Now isn’t that a nice problem to solve? Let me know if you want to join me on this journey.

While you ponder that. What challenges did Jorg leave you with?

  • What questions are you working on?
  • On which path are you now searching for new answers (and hopefully some new questions as well)?
  • This one is aimed at Colin 😉    Which answers have you found that need some good questions in order to make sense?

I challenge you to share your thoughts in public. Jorg always shared his learning, and he always took all of us along on his journeys. Let us celebrate his legacy by sharing our ideas, or at least our progress down the path.

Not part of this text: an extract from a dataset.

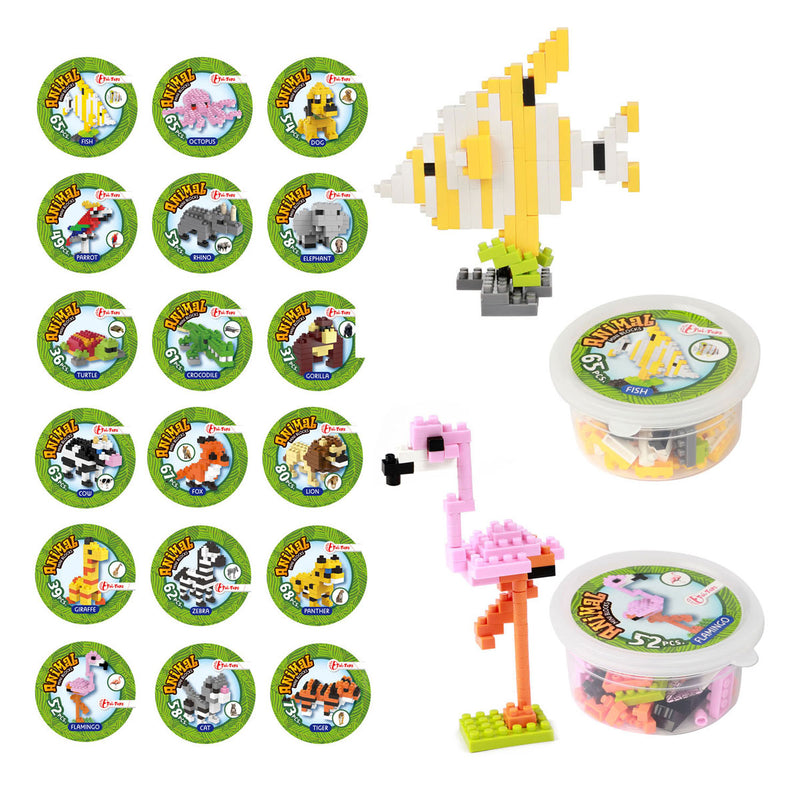 Afbeelding laden in galerijviewer, Toi-toys blocks bouwenstenen mini dier in potje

Jorg and Shawn recording a LEDCast episode

Landschaftspark in Duisburg

3 Responses to “A year since my world flipped”

  1. Marcus Jenal Says:

    Dear Shawn

    Thank you very much for sharing this touching experience! I can imagine that it was a difficult time for you.

    Since I started following you very recently, I am really a fan of your approach to effectively combine the theory with the practice. I am now involved in the practice but am very interested to get some more inputs on the theoretical side, especially on the whole topic on innovations and how to put it into use in development.

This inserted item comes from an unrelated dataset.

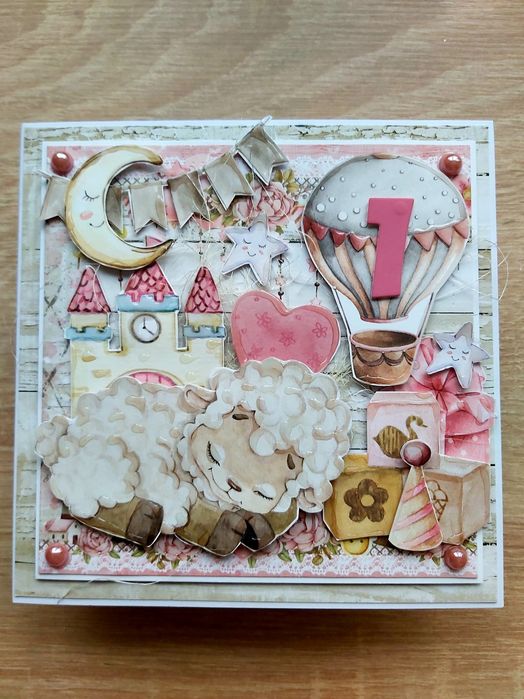 Kartka na urodziny dziecka, roczek dla dziewczynki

    Can you share any interesting articles that lay out the theoretic basis for your work in innovation? I would love to get some more insights!

    Cheers
    Marcus

    Like

  2. Ulrich Harmes-Liedtke Says:

    Dear Shawn,
    I appreciate that you share how much you still miss our great friend and mesopartner Jörg in your blog. Especially, I enjoyed when you recall some of the guiding questions Jörg frequently asked. This helps us to recall his intellectual sprit and maintain us flexible to innovate in private sector development.
    What questions I am working on?
    Currently, I working on several niche topics related to Local Economic Development (LED) and Value Chain promotion. First, I am working looking with the German Metrology Institute (PTB) how to create a productive interaction between different value chains and the world of standards and quality infrastructure. The outcome is methodology called CALIDENA which we presently apply in the Andean countries. Second, I am helping to introduce an economic perspective in humanitarian emergency relief using and adapting LED tools in support activities before, during and after natural disasters. Our client is the NGO World Vision and we developed for them a methodology called REDLens. Third, with colleagues from Colombia and Uruguay we are looking how to make that so called megaprojects have positive impacts for the local communities where they are located.
    In all cases I try to overcome the self-contemplation of LED practice and the fragmentation of development work in general. It’s also good fun to work together with folks with totally different backgrounds and mindsets.
    All this work is based on concepts and tools I heritage from Jörg and adapt now to new fields. What I most enjoy is that these activities require a lot of lateral thinking and change for all the people involved including ourselves.
    On which path I am now searching for new answers?
    Inspiring for me is the increasing debate about “good living”. I refer her to the new economic literature on happiness (beyond monetary maximization) and/ or what the Ecuadorians and Bolivians mention in their new constitutions as “sumac kawsay” an alternative goal of life based in the values of indigenous cultures. As I became recently father of a little girl, these questions also affecting my own lifestyle choosing or combing creatively family and professional life.
    For me it is a very healthy exercise to ask myself from time to time, if I contribute to something meaningful? Do I focus my energies in the right direction? Is there other way to contribute to more happiness and well being around my and in the whole world?